### [WHAT THE TASK REQUIRES]
Whenever the word "View" turns up in a line of the data below, copy that line.

### [EXTRACTED MATERIAL]
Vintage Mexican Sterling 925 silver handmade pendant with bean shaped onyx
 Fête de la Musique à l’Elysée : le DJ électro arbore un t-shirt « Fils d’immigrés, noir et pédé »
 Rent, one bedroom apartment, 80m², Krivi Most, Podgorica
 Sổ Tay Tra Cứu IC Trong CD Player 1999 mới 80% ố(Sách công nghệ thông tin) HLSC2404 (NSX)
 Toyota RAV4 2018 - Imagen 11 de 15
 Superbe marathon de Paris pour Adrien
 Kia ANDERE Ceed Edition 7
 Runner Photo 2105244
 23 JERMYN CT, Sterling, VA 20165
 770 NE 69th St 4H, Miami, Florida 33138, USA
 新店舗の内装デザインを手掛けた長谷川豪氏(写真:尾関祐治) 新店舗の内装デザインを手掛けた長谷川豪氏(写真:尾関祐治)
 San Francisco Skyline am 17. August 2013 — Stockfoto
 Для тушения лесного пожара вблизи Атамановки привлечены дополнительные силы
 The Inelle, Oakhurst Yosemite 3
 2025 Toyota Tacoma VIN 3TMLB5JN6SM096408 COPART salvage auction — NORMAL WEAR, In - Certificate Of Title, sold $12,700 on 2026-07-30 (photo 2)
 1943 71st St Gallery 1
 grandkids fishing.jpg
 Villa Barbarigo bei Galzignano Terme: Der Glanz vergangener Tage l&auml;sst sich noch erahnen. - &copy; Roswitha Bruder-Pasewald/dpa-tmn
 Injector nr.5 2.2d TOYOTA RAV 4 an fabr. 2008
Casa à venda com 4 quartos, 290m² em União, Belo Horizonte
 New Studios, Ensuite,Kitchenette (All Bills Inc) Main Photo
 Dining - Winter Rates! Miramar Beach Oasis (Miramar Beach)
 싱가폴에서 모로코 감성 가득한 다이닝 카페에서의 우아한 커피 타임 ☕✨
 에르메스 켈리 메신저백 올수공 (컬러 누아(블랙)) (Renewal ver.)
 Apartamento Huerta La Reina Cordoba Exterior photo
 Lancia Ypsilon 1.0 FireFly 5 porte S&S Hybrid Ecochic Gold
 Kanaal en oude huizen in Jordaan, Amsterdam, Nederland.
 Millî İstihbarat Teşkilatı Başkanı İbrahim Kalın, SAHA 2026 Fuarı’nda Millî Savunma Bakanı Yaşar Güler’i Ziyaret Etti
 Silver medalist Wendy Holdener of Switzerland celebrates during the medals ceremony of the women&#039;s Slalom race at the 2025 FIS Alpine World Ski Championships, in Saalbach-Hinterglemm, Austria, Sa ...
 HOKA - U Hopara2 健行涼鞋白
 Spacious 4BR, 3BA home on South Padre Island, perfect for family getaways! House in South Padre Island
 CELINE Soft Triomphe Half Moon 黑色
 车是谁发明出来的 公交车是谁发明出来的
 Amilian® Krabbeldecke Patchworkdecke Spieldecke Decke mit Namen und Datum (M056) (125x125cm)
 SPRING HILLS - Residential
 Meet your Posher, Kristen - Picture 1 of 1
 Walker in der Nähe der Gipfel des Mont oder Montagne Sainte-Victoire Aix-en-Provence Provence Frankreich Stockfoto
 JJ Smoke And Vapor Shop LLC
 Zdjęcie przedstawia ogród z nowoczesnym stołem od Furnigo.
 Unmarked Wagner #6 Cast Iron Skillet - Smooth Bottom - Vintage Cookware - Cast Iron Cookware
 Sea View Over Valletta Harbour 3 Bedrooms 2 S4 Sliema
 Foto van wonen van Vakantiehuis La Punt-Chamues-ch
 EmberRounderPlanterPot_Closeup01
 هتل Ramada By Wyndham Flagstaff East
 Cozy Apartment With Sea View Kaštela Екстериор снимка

### [ANSWER SECTION]
 Sea View Over Valletta Harbour 3 Bedrooms 2 S4 Sliema
 Cozy Apartment With Sea View Kaštela Екстериор снимка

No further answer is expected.